In the listing that follows, the lines starting at the one containing "Bánh Ritz Thái" and ending at the one containing "Магистральный фильтр Remeza R0476-A-T Магистральный" are to be returned exactly, both boundary lines included, and no others.

────────────────

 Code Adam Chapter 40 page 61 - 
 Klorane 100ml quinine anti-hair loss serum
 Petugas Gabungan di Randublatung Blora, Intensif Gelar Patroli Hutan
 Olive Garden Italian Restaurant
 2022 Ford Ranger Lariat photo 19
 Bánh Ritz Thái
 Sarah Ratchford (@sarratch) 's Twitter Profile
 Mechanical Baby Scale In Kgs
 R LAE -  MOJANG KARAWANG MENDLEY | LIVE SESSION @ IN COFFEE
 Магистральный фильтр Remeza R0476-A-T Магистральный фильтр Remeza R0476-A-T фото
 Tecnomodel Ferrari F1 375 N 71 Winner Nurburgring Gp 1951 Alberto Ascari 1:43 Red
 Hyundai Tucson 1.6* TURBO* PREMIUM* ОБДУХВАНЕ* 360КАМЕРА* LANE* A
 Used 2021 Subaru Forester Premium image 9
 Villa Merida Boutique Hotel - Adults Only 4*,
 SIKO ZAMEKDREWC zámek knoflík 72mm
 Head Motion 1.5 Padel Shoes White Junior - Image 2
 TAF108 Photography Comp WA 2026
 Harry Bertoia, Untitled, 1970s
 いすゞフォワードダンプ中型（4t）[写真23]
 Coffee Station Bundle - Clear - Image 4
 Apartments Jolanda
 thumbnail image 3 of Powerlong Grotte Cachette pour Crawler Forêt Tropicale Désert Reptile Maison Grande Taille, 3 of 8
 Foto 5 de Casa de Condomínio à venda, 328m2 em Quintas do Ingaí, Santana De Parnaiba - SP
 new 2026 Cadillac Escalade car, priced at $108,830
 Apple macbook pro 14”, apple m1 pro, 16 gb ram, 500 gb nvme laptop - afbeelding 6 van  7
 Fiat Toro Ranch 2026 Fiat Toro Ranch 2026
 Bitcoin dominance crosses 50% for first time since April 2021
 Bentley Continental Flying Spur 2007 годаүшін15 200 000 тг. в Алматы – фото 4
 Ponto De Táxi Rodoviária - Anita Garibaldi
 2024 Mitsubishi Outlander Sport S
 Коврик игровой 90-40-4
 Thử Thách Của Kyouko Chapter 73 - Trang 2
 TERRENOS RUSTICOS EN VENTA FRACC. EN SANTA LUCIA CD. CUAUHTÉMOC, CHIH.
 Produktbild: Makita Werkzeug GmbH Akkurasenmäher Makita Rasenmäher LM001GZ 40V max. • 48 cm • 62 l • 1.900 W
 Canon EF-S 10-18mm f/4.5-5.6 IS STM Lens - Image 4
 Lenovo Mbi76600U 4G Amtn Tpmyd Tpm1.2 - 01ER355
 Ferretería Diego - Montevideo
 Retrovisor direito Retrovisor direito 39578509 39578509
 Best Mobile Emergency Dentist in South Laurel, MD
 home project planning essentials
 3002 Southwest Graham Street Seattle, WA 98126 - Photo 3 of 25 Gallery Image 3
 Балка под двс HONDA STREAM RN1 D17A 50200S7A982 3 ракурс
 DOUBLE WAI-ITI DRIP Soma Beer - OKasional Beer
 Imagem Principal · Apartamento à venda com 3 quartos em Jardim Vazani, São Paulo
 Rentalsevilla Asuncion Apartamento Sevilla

────────────────

# Answer to the exercise
 Bánh Ritz Thái
 Sarah Ratchford (@sarratch) 's Twitter Profile
 Mechanical Baby Scale In Kgs
 R LAE -  MOJANG KARAWANG MENDLEY | LIVE SESSION @ IN COFFEE
 Магистральный фильтр Remeza R0476-A-T Магистральный фильтр Remeza R0476-A-T фото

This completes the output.